Naidoo: Well, if the U.N. climate process didn’t exist, we would have to invent it. Warts and all it’s the best option we have for a global deal to happen. So we cannot walk away from it, but what we need to do differently now is we need to generate enough public pressure in every single country around the world so that when governments go to these climate negotiations in Lima and Paris, they go there with science-driven, ambitious levels of commitment. Our political leaders need to understand that, firstly, nature does not negotiate, and, secondly, that they cannot change the science. The only thing that they have the power to change is the political will to make the transition that science says we need to make. So what we are doing is we are reducing, and have been reducing, as Greenpeace our level of investment in the climate negotiations itself, instead building pressure from below and ensuring that when governments come to the climate negotiations they come with ambitious targets.
There is what is called the “Gigaton Gap.” The “Gigaton Gap” is what the science says we need to reduce in terms of carbon and what the governments are saying we need to do, and there’s a huge gap between them.
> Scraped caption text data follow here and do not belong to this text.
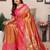 orange woven design zari silk blend designer banarasi saree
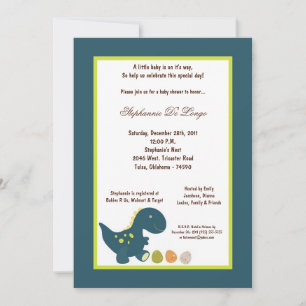 5x7 Dinosaur Baby Shower Invitation
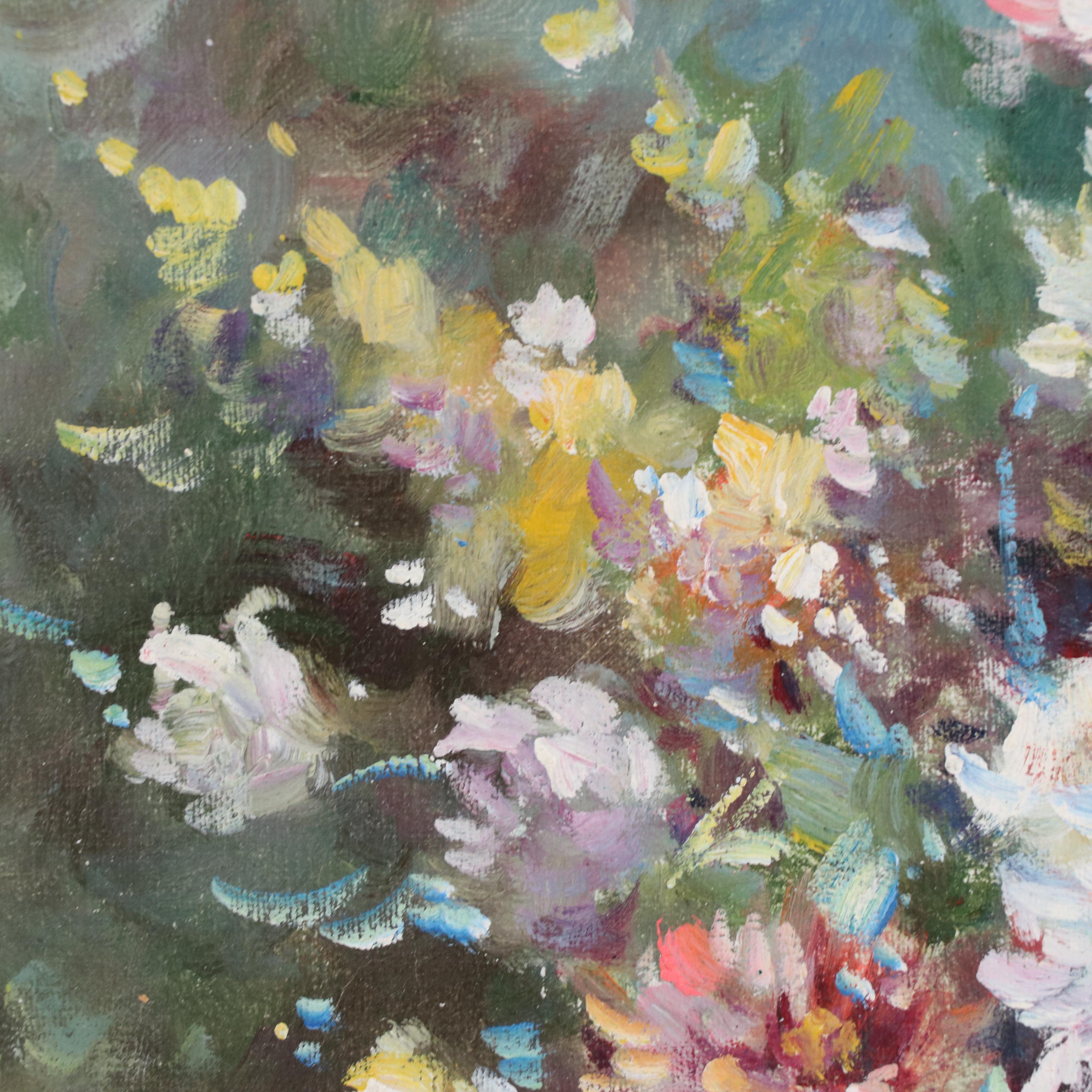 T. Denver Floral Still Life Oil Painting, Late 20th Century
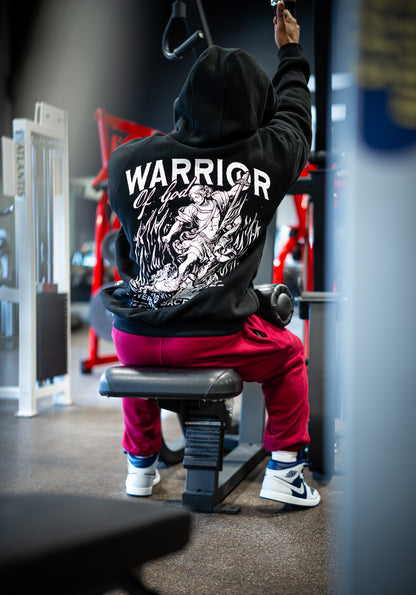 WARRIOR OF GOD OVERSIZED HOODIE - BLACK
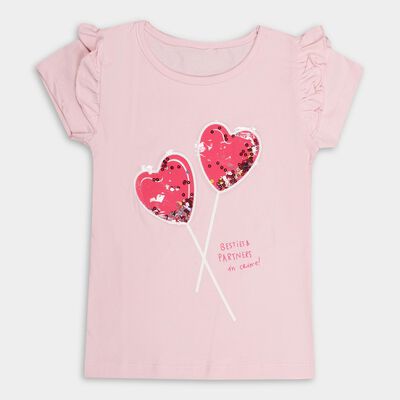 Girls' Light Pink Cotton Round Neck Casual T-Shirt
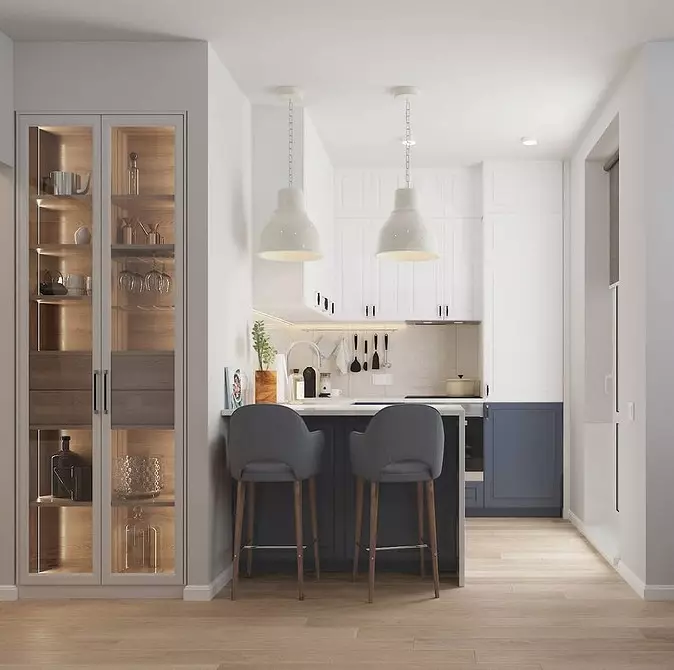 9 stilige designprosjekter av den kombinerte kjøkken-stue med et areal på 18 kvadratmeter. M. 3505_63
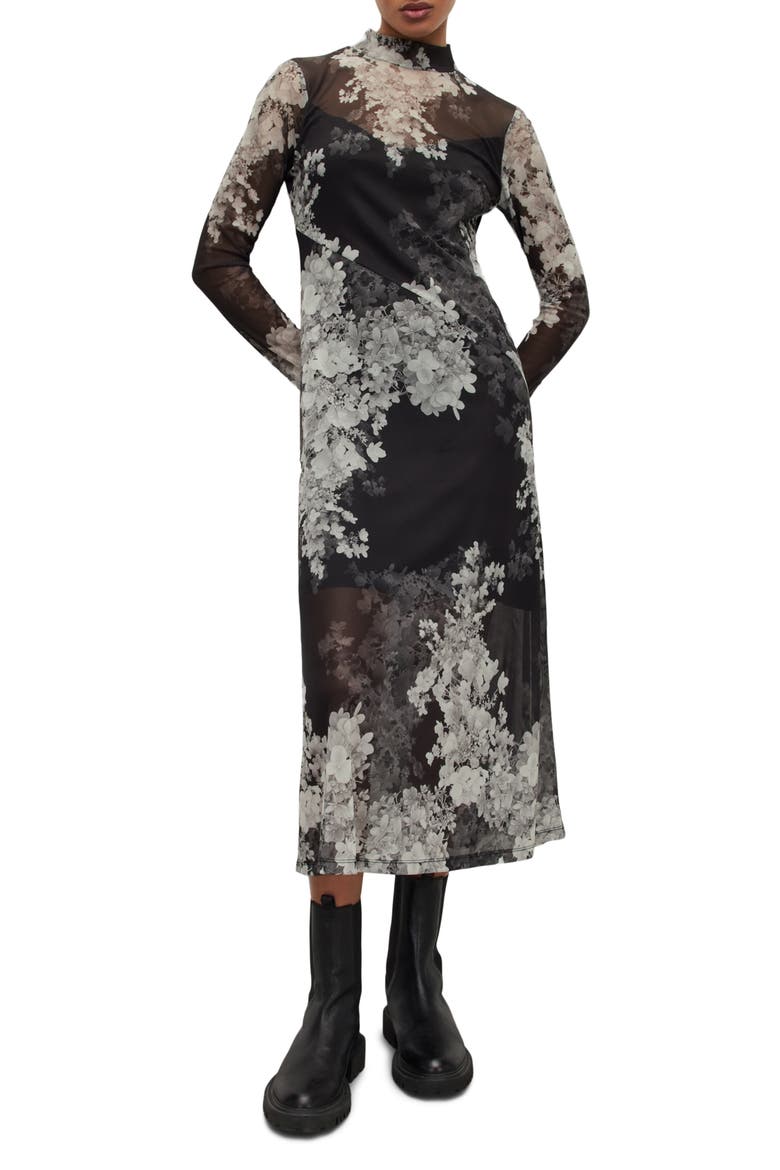 Hanna Venetia Long Sleeve Midi Dress, Alternate, color, BLACK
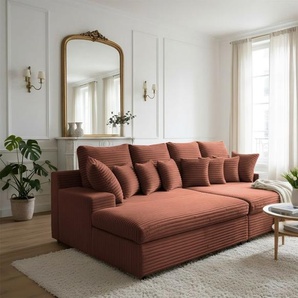 Bigsofa Couchgarnitur AROSA Megasofa in Stoff Tilia Rostbraun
The reality is if we don’t start working now and getting progressive, ambitious positions taken by national governments in the different capitals, you can’t get magic then to emerge out of the climate negotiations because those negotiators go there with mandates from their different countries. And if they go with the typically low emissions reduction targets, for example, nothing can happen. So that’s why we have to be fighting on an ongoing basis to mobilize as much public pressure as we can to ensure that the national positions that go to Lima and Paris are in line with the science and are imbued with the appropriate level of ambition and urgency.